Another difficulty with the complaint relates to the requirement that a shareholder derivative plaintiff allege he was a shareholder “at the time of the transaction of which the plaintiff complains.” I.R.C.P. 23(f). In his four versions of the complaint, Orrock merely alleges that he “is, and was at times relevant hereto, an owner and holder of Micron common stock.” The complaints define a “Relevant Period” as being February 2001 to the “present”, but do not allege Orrock was a shareholder during that defined period. The actual period in which Orrock appears to allege the defendant directors failed to take action to investigate and remediate the price-fixing was June 2002 to March 2006. It would have been easy enough to allege that this was the time period during which Orrock owned Micron stock. Since a derivative action is only available to a person who was a shareholder at the time of the transaction that is complained of in the complaint, it is not asking too much that the shareholder wishing to pursue a derivative action assert, affirmatively, that he held the stock during that period of time.

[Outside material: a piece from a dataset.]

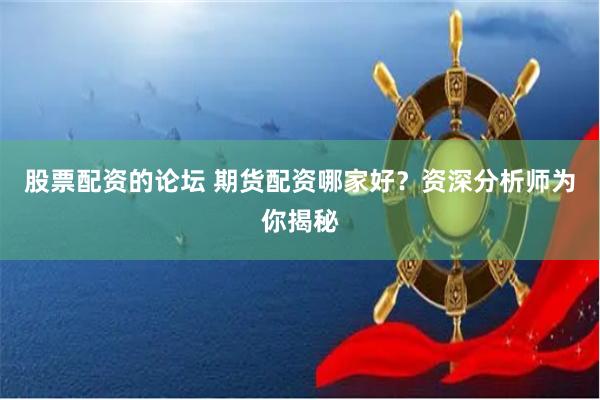 股票配资的论坛 期货配资哪家好？资深分析师为你揭秘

Orrock’s failure to affirmatively allege his ownership of Micron stock during the “Relevant Period”, combined with the almost four years that elapsed between disclosure of the DOJ investigation and the filing of the initial complaint, gives the appearance of a Johnnyeome-lately lawsuit where the decision to sue was made only after most of the facts relating to the price-fixing conspiracy had become known and the time to make an effective demand for redress had long passed. Again, without the necessary factual allegations, one can only speculate.

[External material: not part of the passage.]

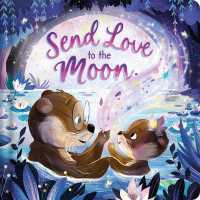 Send Love to the Moon : Padded Board Book （Board Book）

The derivative action provides shareholders a useful and necessary avenue of redress where corporate management acts contrary to the interests of the corporation. However, a shareholder pursuing this course must observe the limitations designed to prevent misuse of the derivative action. Among other things, the shareholder must first give management the opportunity to correct the misconduct, unless excused for some lawful reason. Here, Orrock simply has not made the necessary fact-based allegations, even after three amended versions of the initial complaint, to show that he should be excused from making a demand. Thus, the district court acted properly in dismissing the case.